Twitter
Categories
Archives

Entries in football (488)

4:00PM

RealClearSports: Scandals Are as Old as College Sports Itself

By Art Spander

One autumn day in ’69 – 1869 – young men from Rutgers and Princeton engaged in what they called a football game. That surely was the last time real students were called upon for such competition.

College sport these days is played by people chosen for the task – “student athletes,” as the NCAA describes them – and while they may go to class and even pass with flying honors (as compared to passing the football), they were brought in to win games. Or matches.

It is an inescapable fact: the better the athlete, the better the team. Which is why we have this little contretemps at Memphis, wherein the best high school basketball player in the nation a couple of years back, Derrick Rose, was readily enrolled, even though he may have cheated on his entrance exam.

And why the University of Southern California finds its reputation in danger on charges that Heisman Trophy winner Reggie Bush broke rules by accepting cash, a car and free housing, and charges that basketball star O.J. Mayo received improper payments from the school’s coach, Tim Floyd.

The Sorbonne doesn’t have a home-and-home series with Cambridge. Or anyone. There is no such thing in Europe as intercollegiate sports. Or high school sports. Kids go to school to study and learn. If they play games, it is for a club.

But this is the good old U.S. of A., where the idea is to fill stadiums and arenas, leading to hours of television coverage, all of which is accomplished by bringing in the Reggie Bushes and Derrick Roses. They purported themselves well, too, the Trojans and Tigers both reaching national championship games with Reggie and Derrick in the lineup.

Here, we stick decals of our school on the back window and slogans – “How ’bout them dogs” – on the back bumper. In Britain, rear-window decals identify the dealer where the car was purchased. How ’bout them cylinders?

It’s all a matter of talent. There’s a kid, runs the 40 in 4.4 and scored 30 touchdowns as a prep. Or maybe he’s 6-9 and averaged 25 points and 12 rebounds. Intellectually, he’s not Albert Einstein. But your rival is chasing him. And as the sports sociologist Harry Edwards points out, “If you don’t get him, they’ll get him and use him against you.”

So Kelvin Sampson becomes a little too aggressive after coming to Indiana.

So a long while ago, SMU gets the so-called Death Penalty for a zillion violations, but with Eric Dickerson and Craig James, the Mustangs did beat Texas, meaning it was worth it to the alums.

So even Harvard – Harvard! – is accused of a number of questionable practices to work around NCAA rules by hiring an assistant basketball coach who had been traveling and playing pickup games with potential athletes.

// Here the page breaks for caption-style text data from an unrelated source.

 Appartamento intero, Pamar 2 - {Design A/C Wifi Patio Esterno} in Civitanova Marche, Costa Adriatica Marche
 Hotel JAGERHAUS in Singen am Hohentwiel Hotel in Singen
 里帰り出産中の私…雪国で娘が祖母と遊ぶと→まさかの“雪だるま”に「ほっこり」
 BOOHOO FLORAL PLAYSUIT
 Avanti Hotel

It’s not going to change. Ever. Penn State has expanded its stadium to more than 100,000. Michigan, Tennessee and Ohio State all are in six figures. You think those schools, you think any school in big time sports, might be scouring PE classes for a quarterback? Or a point guard?

“Football,” said a man named Elbert Hubbard, “is a sport that bears the same relationship to education that bullfighting does to agriculture.”

Ole! And back at you.

“A school without football,” said Vince Lombardi, “is in danger of deteriorating into a medieval study hall.” As if Vince, who went from Fordham to coach in the NFL, knew anything about medieval study halls. Now, blocking and tackling, that was different.

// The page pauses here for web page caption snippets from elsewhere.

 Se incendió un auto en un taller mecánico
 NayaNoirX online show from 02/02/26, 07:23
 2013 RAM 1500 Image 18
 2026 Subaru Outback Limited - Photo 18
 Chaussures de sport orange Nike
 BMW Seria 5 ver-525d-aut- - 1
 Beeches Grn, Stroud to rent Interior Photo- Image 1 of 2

What will happen to USC or to Memphis is probably nothing. USC has been under a cloud for months – Bush has been on the New Orleans Saints since 2006 – and already Memphis is in full denial, insisting it found no proof Rose cheated on the exam. Derrick, of course, joined the NBA as soon as possible.

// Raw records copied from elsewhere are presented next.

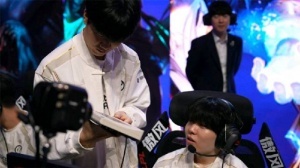 黃大仙？iG賽前黃旭東更博猛夸Tabe：感覺有點(diǎn)打不過啊 這tabe有點(diǎn)東西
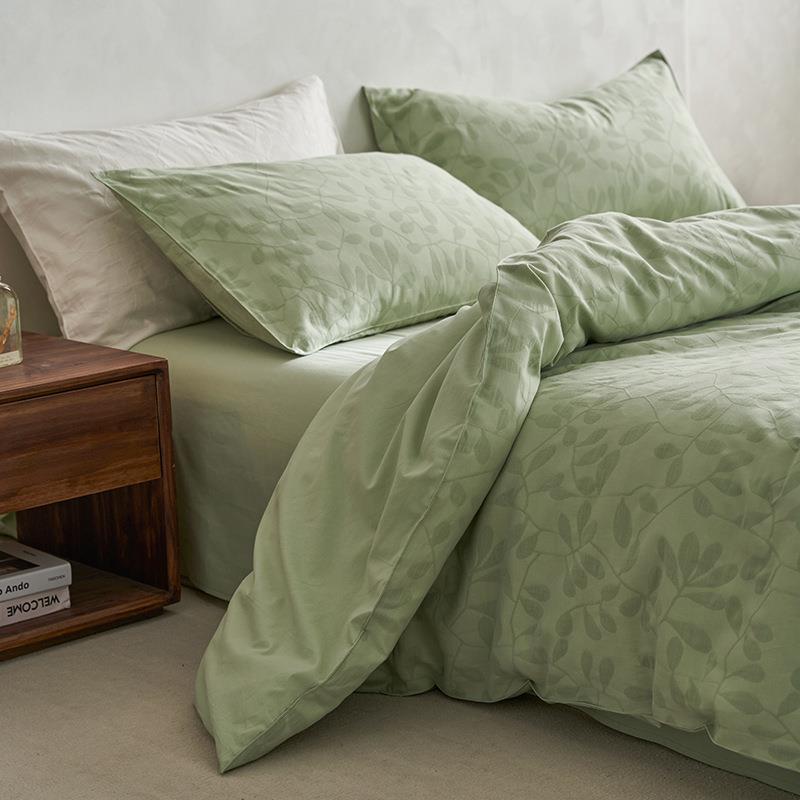 60-count three-layer yarn pure cotton yarn-dyed jacquard four-piece set of cotton sheets and quilt covers Nantong home textile bedding 4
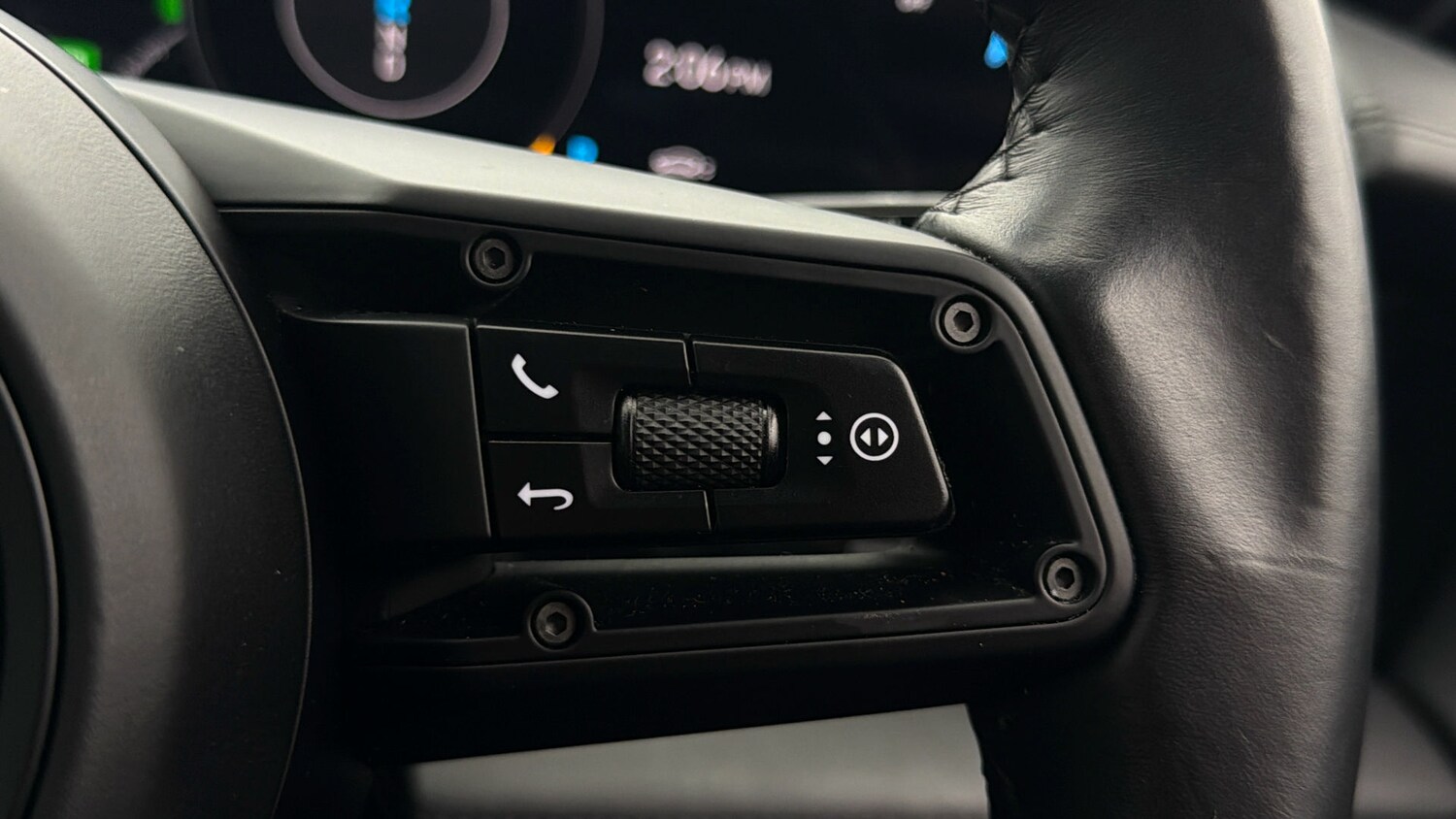 Used Porsche Taycan 2023 for sale - 78089382: Photo 24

The people who buy the season tickets are remarkably unmoved by any and all accusations. They don’t care how you win, they just want you to win. And to hell with anyone looking for trouble.

It was in 1976 when Frank Boggs of the Oklahoma City Times, acknowledged to be the best sportswriter in the state, wrote a story that another NCAA investigation of the University of Oklahoma’s football program was under way.

Boggs, merely the messenger, not the cause, was harassed, threatened and had to have police protection. A caller said he would burn down Boggs’ home. Eventually, Boggs moved to Colorado.

Jack Taylor, who shared the byline with Boggs, had done pieces on the Mafia and corruption in government, but said public reaction to the football story was “much more controversial” than anything he ever had written.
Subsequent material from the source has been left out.